I have committed myself to a pretty minimal amount of exercise: at least 30 minutes a day for 5 of the 7 days each week.

Two and a half hours of exercise a week. It isn’t an impossible amount.

I haven’t even defined what kind of exercise. And if you check out all of the things you can burn calories doing, it should be pretty easy to attain. For instance, did you know you can burn 111 calories doing a half hour of light cleaning?

I also opted to burn at least 300 calories for that half hour of exercise. It meant I had to do something that would make me sweat.

But for most of this whole weight-loss thing, I haven’t always managed to work out 5 days a week.

Exercising is hard. It requires finding my tennis shoes and changing my clothes and usually making time for a shower afterwards because sweaty is not a good smell hours later.

(I just stopped writing my blog and put some deodorant on. I didn’t need it, but there is something about writing about being smelly that makes me take steps to prevent it.)

All of this means that in order to work out for a half hour, I would really need another hour for showering, dressing and getting ready. If I added drive time to a gym, it would be even more.

It makes it easy to avoid exercise.

But then I bought one of those watches that monitors your heartbeat and figures out your calorie burn.

I love that watch.

It is inspiring to see how many calories I am burning.

And the warmer weather is helping out as well.
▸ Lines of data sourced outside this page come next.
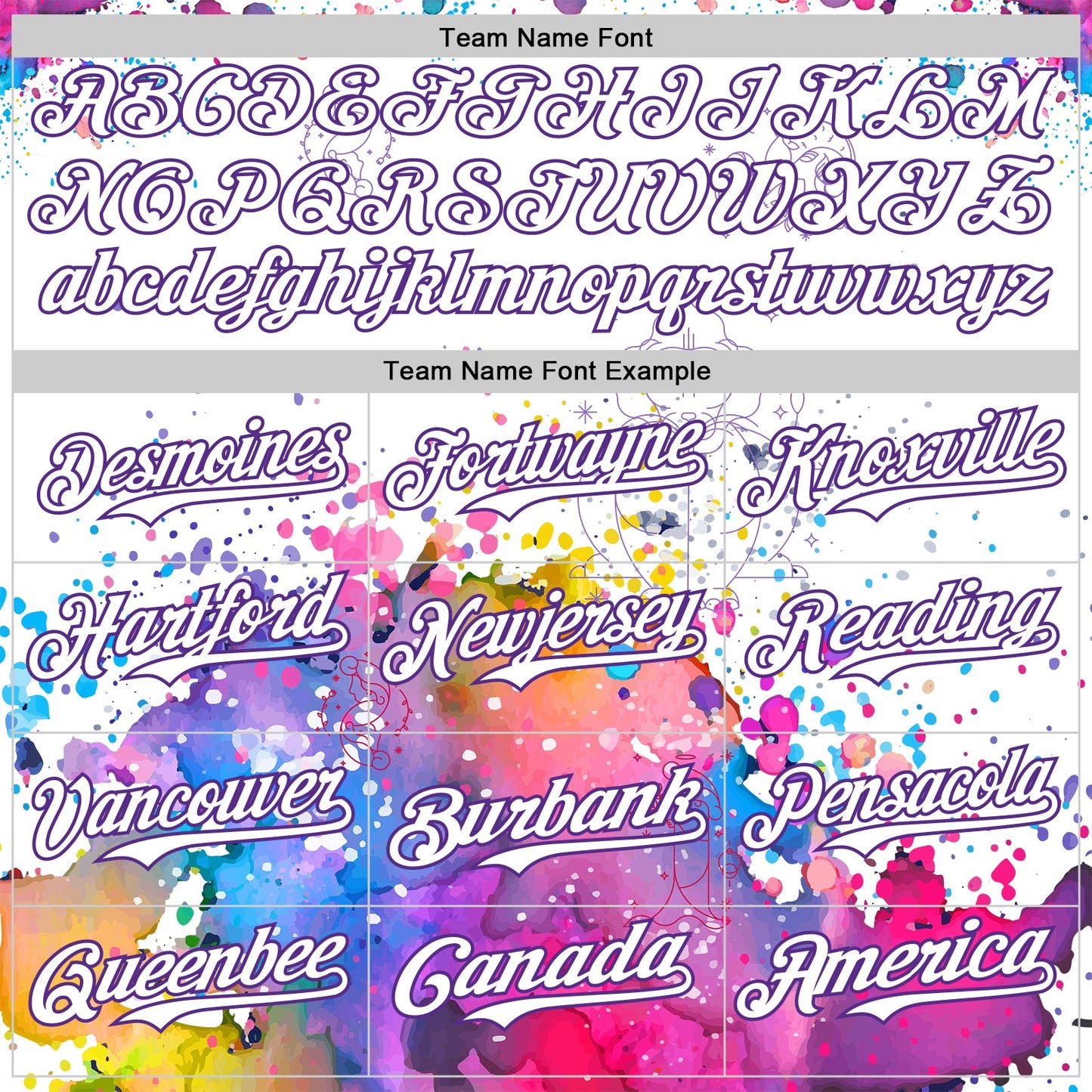 Custom White Purple 3D Pattern Design Graffiti Splash And Constellation Space Galaxy Star Authentic Baseball Jersey view 4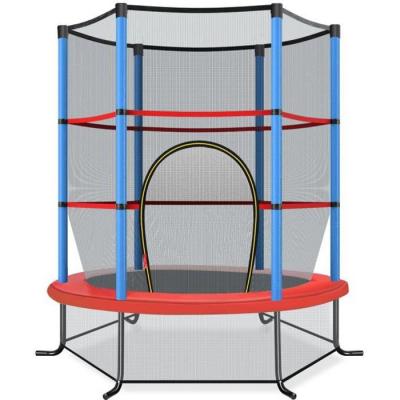 Trampoline de Jardin pour Enfants COSTWAY - &Oslash;165 cm - Filet de Protection - Structure en Acier Bleu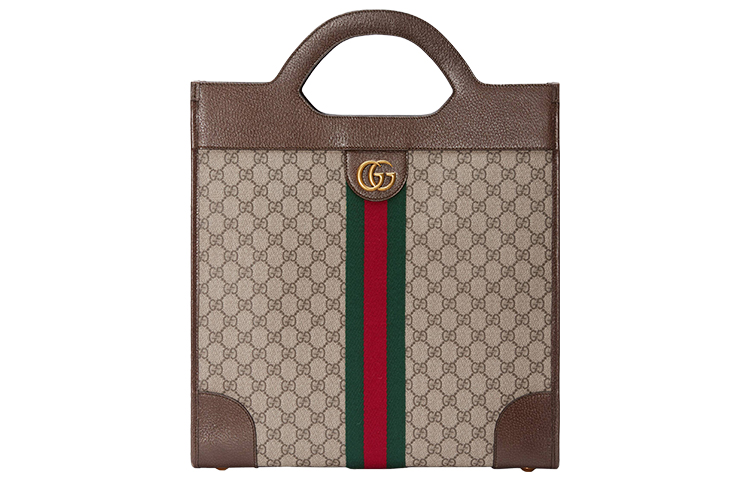 

GUCCI Сумка-шоппер Ophidia Canvas With Leather, средняя, унисекс, бежевый/эбеновое дерево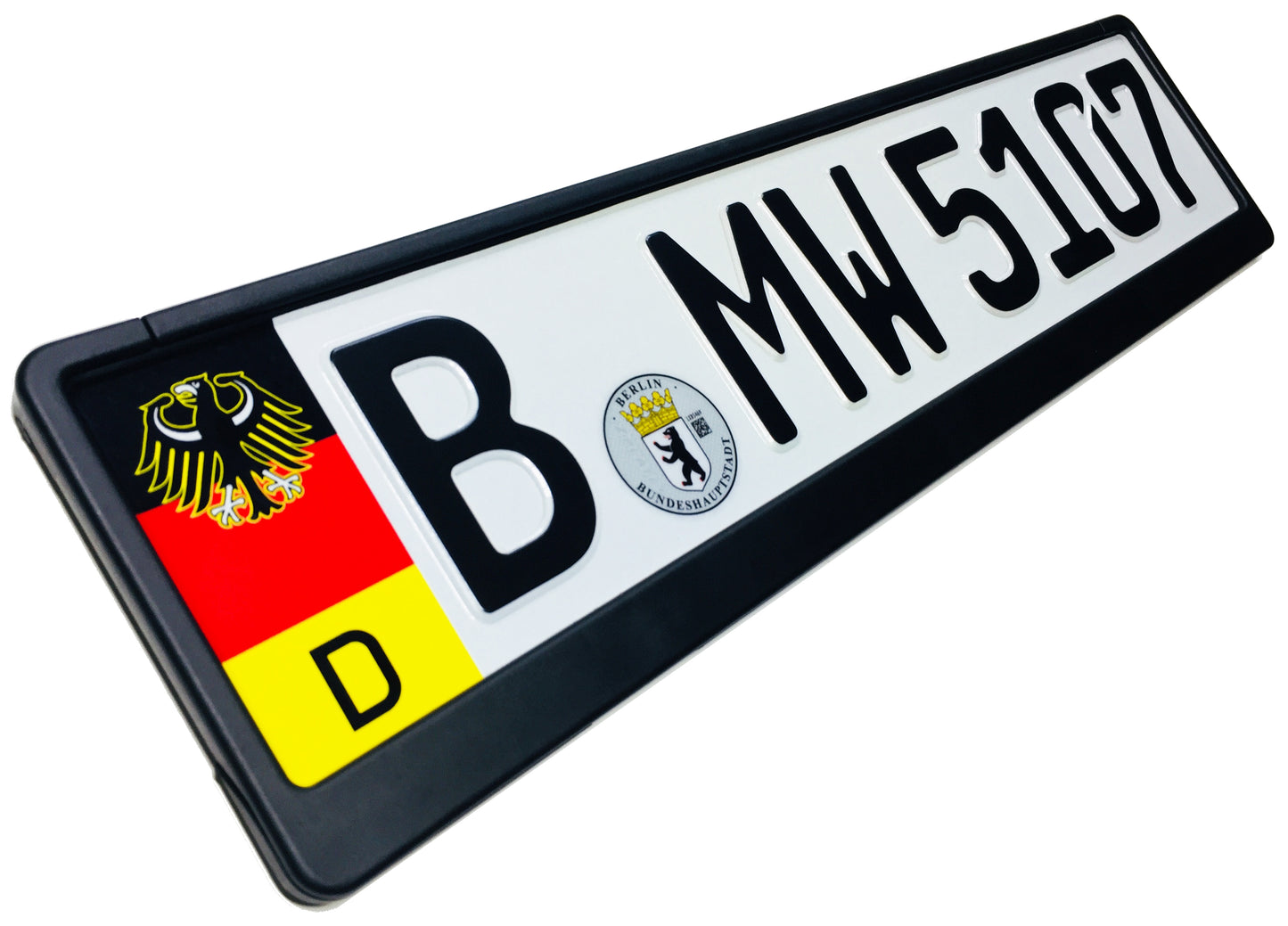 German Coat of Arms Eagle + Flag Plate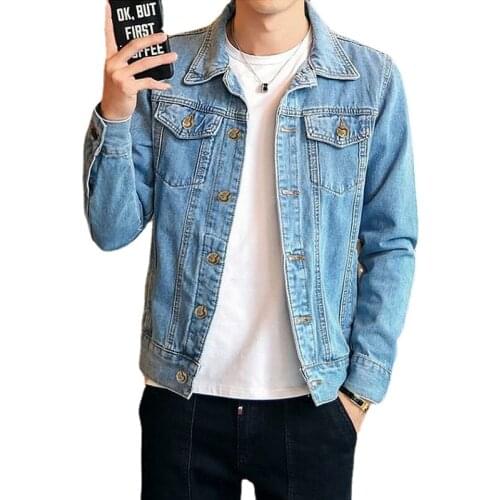 New Short Denim Jacket Men Fashion Button Up Coat Streetwear Hole Ripped Jean Jacket Hip Jacket Motorcycle Jacket Men Pockets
It makes me want to get outside and do something. Just yesterday, I burned 269 calories during a walk and another 337 raking my lawn.

Today, I have already logged in 30 minutes of walking because it is a gorgeous day and why drive when I can walk? I hope to burn more calories later.

And March seems to be the month, I am finally getting in my 5 days a week easily. Last week, I even managed to get in 6 days and for many of those days, I had two different exercise sessions. I have exercised most days this month, and I plan to keep that momentum up.

My increased exercise is not yet showing up on the scale in terms of pounds lost, but I am seeing muscle being developed.

Now, I just need to keep walking the walk. Exercise. Exercise. Exercise.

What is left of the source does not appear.